DDR von A-Z, Band 1985

Straßenverkehrsrecht (1985)

 

 

Siehe auch die Jahre 1969 1975 1979


 

Die wichtigsten rechtlichen Regelungen zur Ordnung, Sicherheit und Flüssigkeit im Straßenverkehr enthalten die VO über das Verhalten im Kraftverkehr (Straßenverkehrs-Ordnung) — StVO — i. d. F. vom 26. 5. 1977, GBl. I, S. 257) sowie die VO über die Zulassung zum Straßenverkehr (Straßenverkehrs-Zulassungs-Ordnung — StVZO — i. d. F. vom 26. 11. 1981, GBl. I, 1982, S. 6) mit den jeweiligen DB.

 

1. StVO. Die StVO legt die Grundregeln für das Verhalten der Teilnehmer im Straßenverkehr fest: Verantwortungsbewußtsein, Disziplin, Aufmerksamkeit, Vorsicht und gegenseitige Rücksichtnahme. Ferner sind in ihr die für jeden Verkehrsteilnehmer geltenden Verkehrsbestimmungen, die Verkehrsregelungsvorschriften, die Verkehrszeichen und -leiteinrichtungen (Anlage 2 zur StVO) sowie die Voraussetzungen für das Führen von Fahrzeugen und über das Verhalten der Fahrzeugführer und Fußgänger enthalten.

 

Die StVO in ihrer grundlegenden Form vom 26. 5. 1977 wurde durch 3 weitere VO ergänzt und abgeändert. Mit der letzten, 4. VO (vom 2. 4. 1982, GBl. I, S. 353), ist eine weitgehende Anpassung an international übliche Verkehrsvorschriften erreicht. Somit gelten in der DDR und Berlin (Ost) nunmehr im wesentlichen die gleichen Verkehrsregeln, -zeichen und -bestimmungen, wie in der Bundesrepublik Deutschland.

 

Wichtige Abweichungen bestehen u.a. nach wie vor in folgenden Punkten:

  1. Fahrzeugführer dürfen bei Antritt und während der Fahrt nicht unter Einwirkung (auch geringster Mengen) von Alkohol stehen (Bundesrepublik: 0,8 Promille).
  2. Die zulässige Höchstgeschwindigkeit beträgt innerhalb geschlossener Ortschaften 50 km/h (wie in der Bundesrepublik), außerhalb von Ortschaften 80 km/h und auf Autobahnen 100 km/h.

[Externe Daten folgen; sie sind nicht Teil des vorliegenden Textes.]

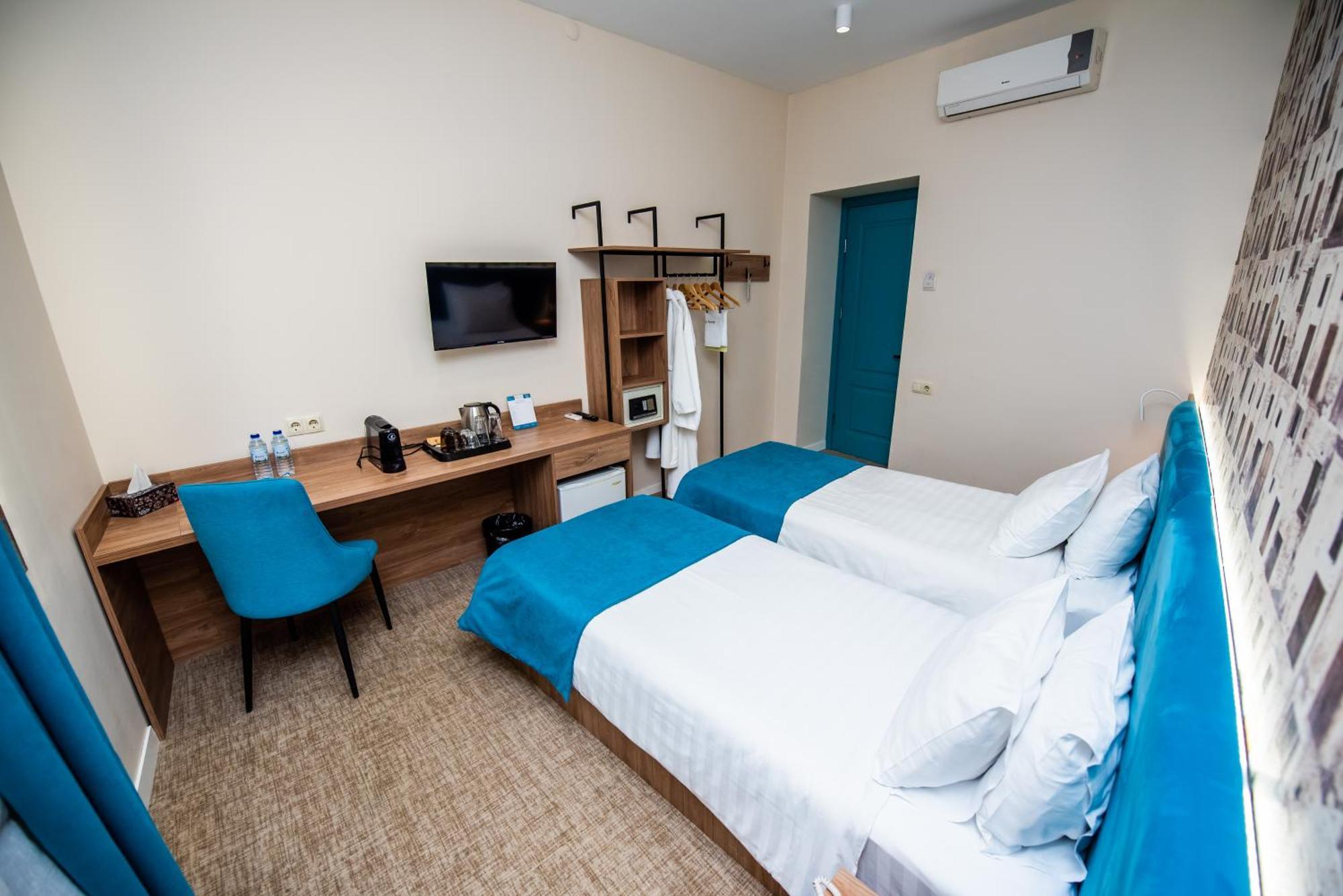 City Inn - Boutique Hotel Tbilisi Eksteriør billede
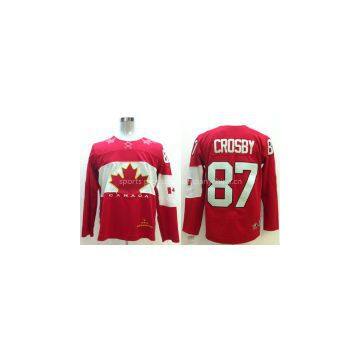 NHL 2014 Sochi Olympics Team jersey,#87 crosby jersey
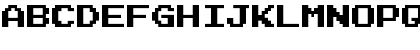 Volleyball Regular Font
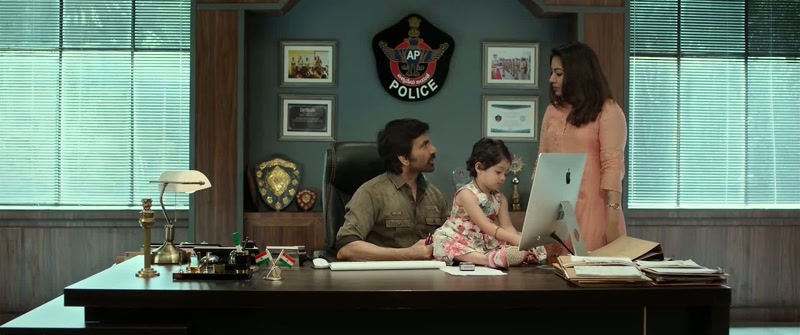 Nithya, I have told you often that we have a relative here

Für größere Fahrzeuge (über 3,5 t zulässiges Gesamtgewicht) sowie Pkw mit Anhängern gelten wie in der Bundesrepublik z. T. andere Bestimmungen. Die Benutzung der Autobahnen ist nur mit Kraftfahrzeugen gestattet, deren zugelassene Höchstgeschwindigkeit über 50 km/h (Bundesrepublik: 60 km/h) beträgt.
  3. Kraftfahrzeuge dürfen die Autobahn nur bis zum nächsten Parkplatz oder zur nächsten Anschlußstelle benutzen, falls während der Fahrt ein Mangel am Fahrzeug oder dessen Ladung auftritt, der nur eine Geschwindigkeit unter 50 km/h ermöglicht. Dies gilt auch für Fahrzeuge, die wegen technischer Defekte abgeschleppt werden müssen. Im Transitverkehr ist für den weiteren Transport des Fahrzeuges vom Parkplatz oder der Autobahnausfahrt zum Grenzkontrollpunkt ein von der DDR anerkanntes, offizielles Abschleppunternehmen zu beauftragen. In Ausnahmefällen kann die Volkspolizei von diesen Auflagen Befreiung erteilen.
  4. Halten und Parken ist untersagt 10 m vor bis 10 m hinter Kreuzungen sowie Fußgängerüberwegen (Bundesrepublik: 5 m).
  5. An Bahnübergängen beträgt die zulässige Höchstgeschwindigkeit ab letzter Bake 50 km/h.
  6. Die zulässige Höchstgeschwindigkeit beim Abschleppen beträgt 50 km/h, auf Autobahnen 70 km/h.
  7. In der DDR gibt es bei Ampeln zusätzlich die Schaltphase Grün-Gelb. Sie bedeutet, daß die Verkehrsrichtung noch freigegeben ist und der Wechsel auf Gelb bevorsteht.
  8. Linksabbieger sollen grundsätzlich voreinander (amerikanisch) abbiegen.
  9. Ein Wechseln auf die linke Fahrspur einer Autobahn, um einem einfahrenden Fahrzeug das Einfädeln zu ermöglichen, ist untersagt.
  10. Wenn nach Halten oder Parken geradeaus weitergefahren oder wenn auf Autobahnen eingefahren wird, ist die Benutzung des Fahrtrichtungsanzeigers untersagt.
  11. Alle Kraftfahrzeuge müssen bei Annäherung von Fahrzeugen, die sich durch Sondersignale — wie Blaulicht, Martinshorn oder Sirene — bemerkbar machen, unverzüglich soweit wie möglich rechts heranfahren und anhalten.
  12. Beim Wechsel der Fahrspur ist das Hineinfahren in den Sicherheitsabstand zwischen zwei Fahrzeugen verboten, um das „Kolonnenspringen“ zu unterbinden.
  13. Das Nicht-Anlegen von Sicherheitsgurten auf den Vordersitzen wird mit Ordnungsstrafen geahndet.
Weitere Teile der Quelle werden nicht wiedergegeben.